Within sacramentalism, the importance of baptism is stressed, albeit at times to an outsized proportion. Sacramentalism practices infant baptism as both an entrance rite into the new covenant with God and as that which cleanses from sin. Indeed, in this view one cannot be saved apart from baptism. "Through baptism we are freed from sin and reborn as sons of God; we become members of Christ, are incorporated into the Church and made sharers in her mission." (Catechism of the Catholic Church, p. 342). The sacramental view ascribes profound accomplishments to baptism: regeneration itself, and cleansing the baptized one from the stain of sin.

How did the sacramental church move away from believers' baptism in favor of infant baptism? In the New Testament, we meet with no certain evidence of infant baptism. In the book of Acts, where we find various instances of baptism, it is always upon belief. After Peter's Pentecost sermon, "So those who received his word were baptized, and there were added that day about three thousand souls." Acts 2:41. The Ethiopian eunuch, hearing Philip expound the gospel says, "See, here is water; what doth hinder me to be baptized?  And Philip said, If thou believest with all thine heart, thou mayest. And he answered and said, I believe that Jesus Christ is the Son of God." (Acts 8:36-37). 

In Acts 10, Peter had been called to the house of Cornelius, a Roman centurion, who was a God-fearer, or a Gentile who attached himself to the Mosaic Law. After his gospel preaching, all who heard believed, causing Peter to ask, “Can anyone withhold water for baptizing these people, who have received the Holy Spirit just as we have?” And he commanded them to be baptized in the name of Jesus Christ. Then they asked him to remain for some days." Acts 10:47-48. Baptism obviously followed belief in both of these cases.

The Philippian jailer's conversion is sometimes cited as evidence of infant baptism, or of household baptism, but this can only be by inference: "And he took them the same hour of the night and washed their wounds; and he was baptized at once, he and all his family." Acts 16:33. Were there small children or infants in the family? It is conjecture to assume this, as nothing is stated in the text. In short, nothing in the New Testament demonstrates any evidence of infant baptism. Rather, baptism upon profession of faith is instead seen again and again.

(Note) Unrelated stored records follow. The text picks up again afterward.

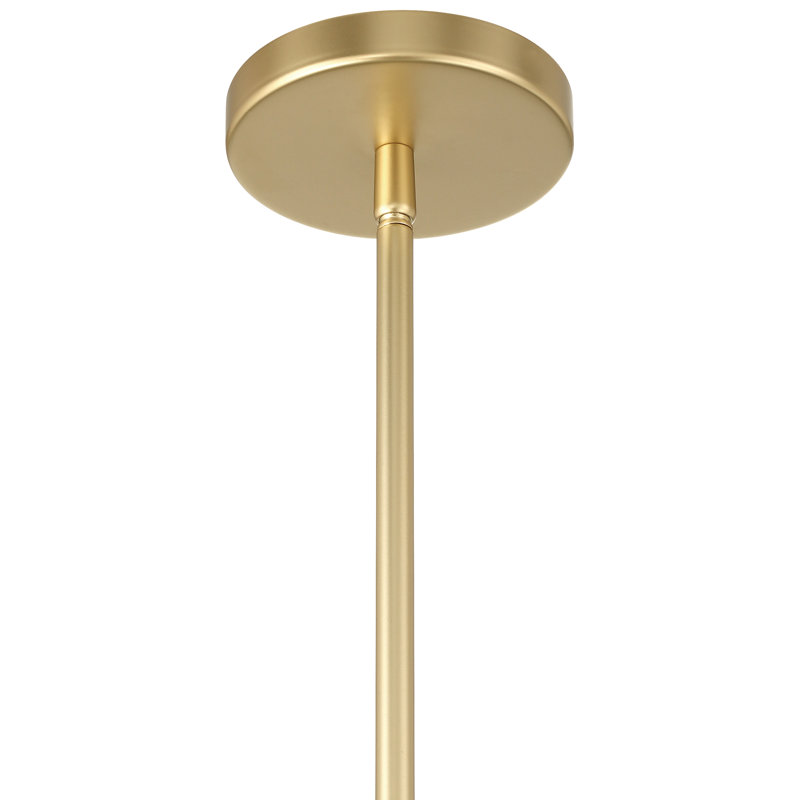 Luminaire suspendu 1 lumière Ombre - Finition laiton antique, Antique Brass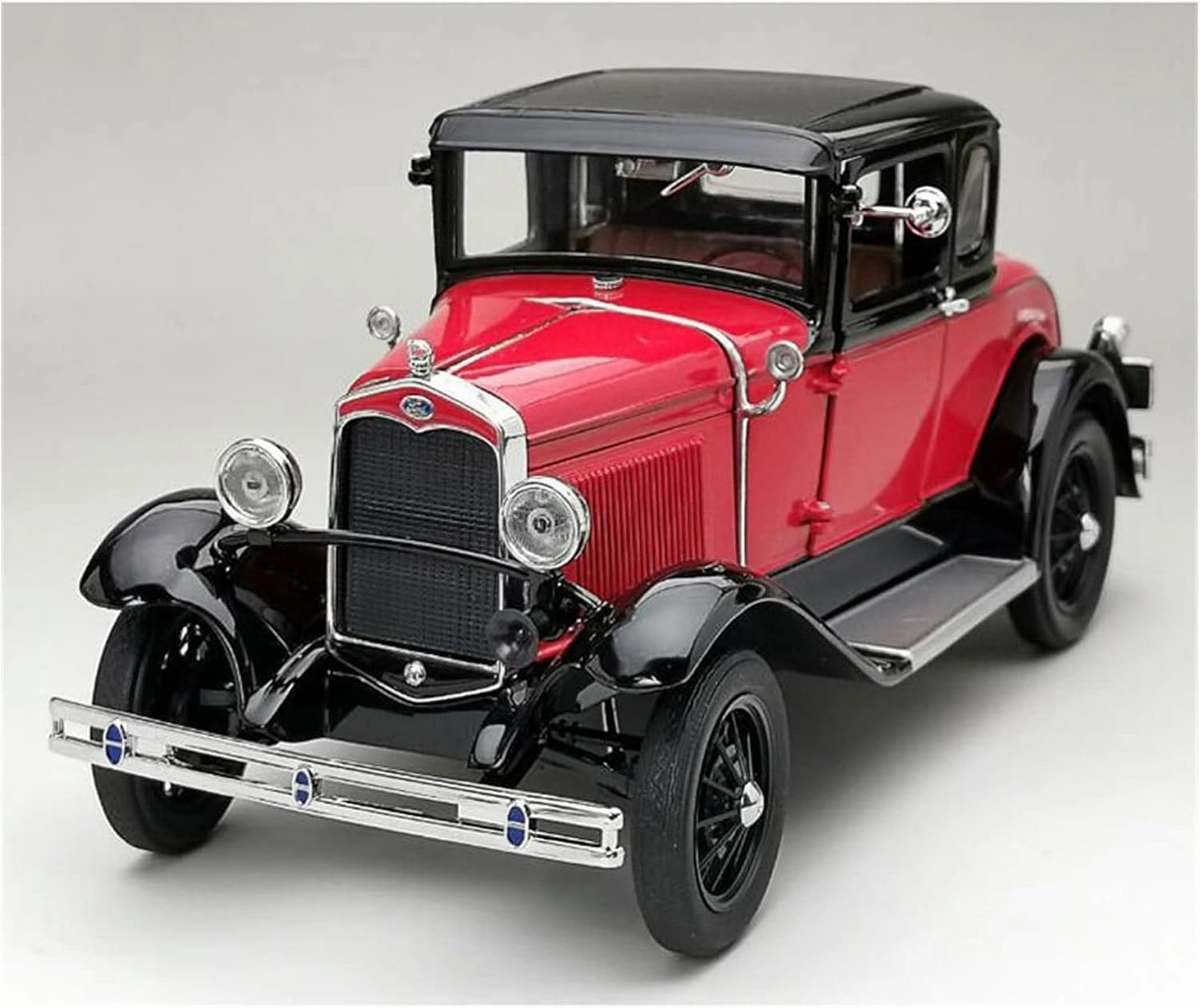 Alloy Resin Car Vehicle Model Fit for Ford Model A Coupe 1 18 Red Alloy Car Model Static Display Adult Souvenir Collection Festive Deluxe Gift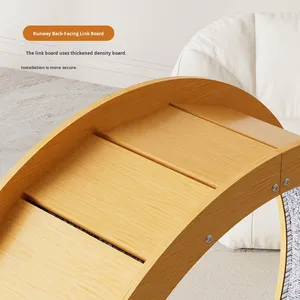 Ruote per Esercizio Silenziose ad Alto Contenuto di Fibre per Gatti, Tapis Roulant per Gatti, Giocattoli per Fitness, Camminare/Essere in Arrampicata Senza Pizzicare i Piedi - Product Image 3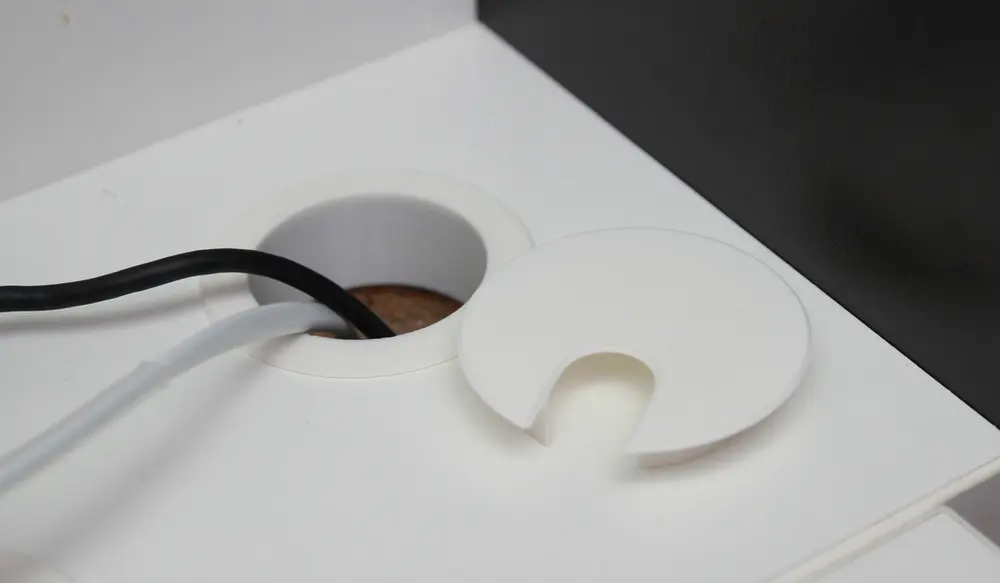Desk cable grommet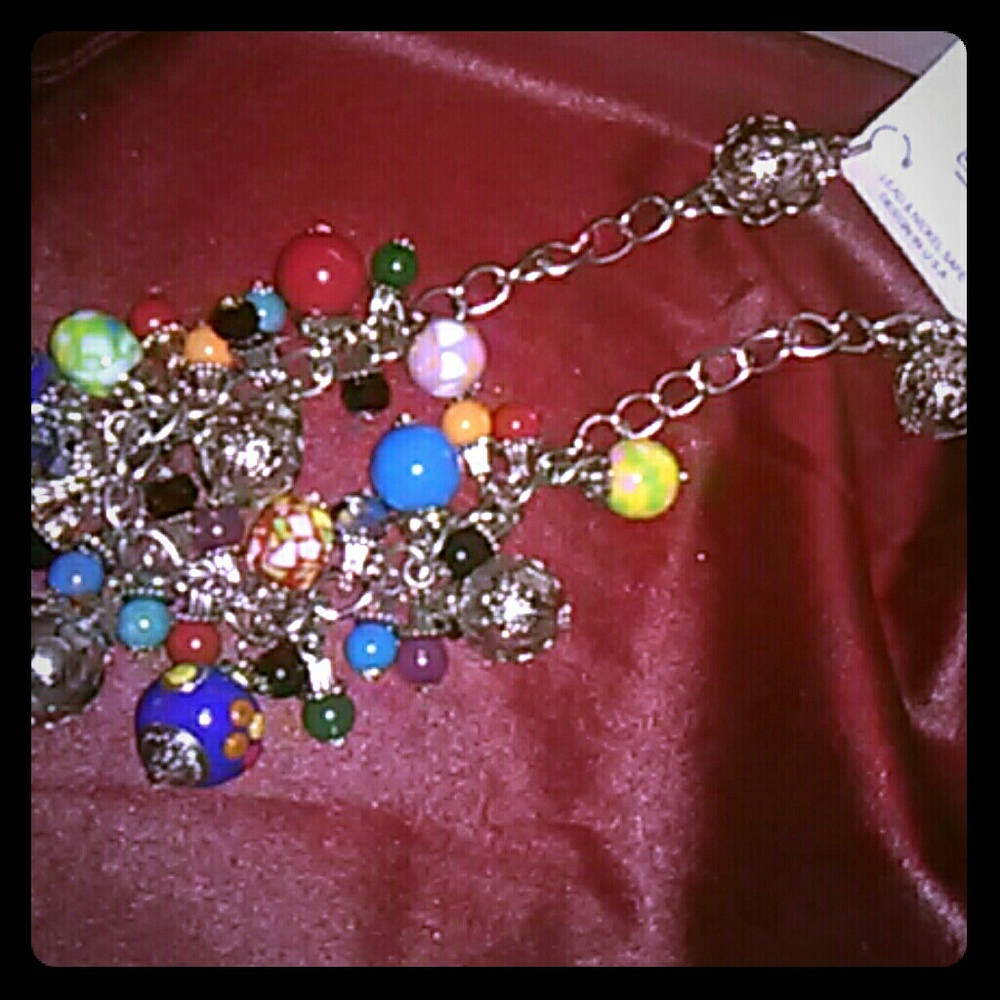 Nena jewelry set.  Necklace and earrings together!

New Testament scholar James D.G. Dunn comments, "It is one of the standing ironies of the diversity of Christian theology and practice that the chief means of accomplishing regeneration for so many centuries has had so little foothold in the New Testament, and has not clearly been encompassed even within the wide-ranging diversity of first-century Christian practice. For it has to be recognized that infant baptism can find no real support in the theology of baptism which any New Testament writer can be shown to espouse."

Tertullian favors a delay in baptism: "The delay of baptism is preferable; principally, however, in the case of little children." He goes on to indicate that it is better if those who come for baptism can themselves understand what they are entering into: "Let them 'come', then, while they are growing up; let them 'come' while they are learning, while they are learning whither to come, let them become Christians when they have become able to know Christ." Tertullian indicates an age of accountability, implying that it is better if people attain an age when they are themselves able to understand the faith.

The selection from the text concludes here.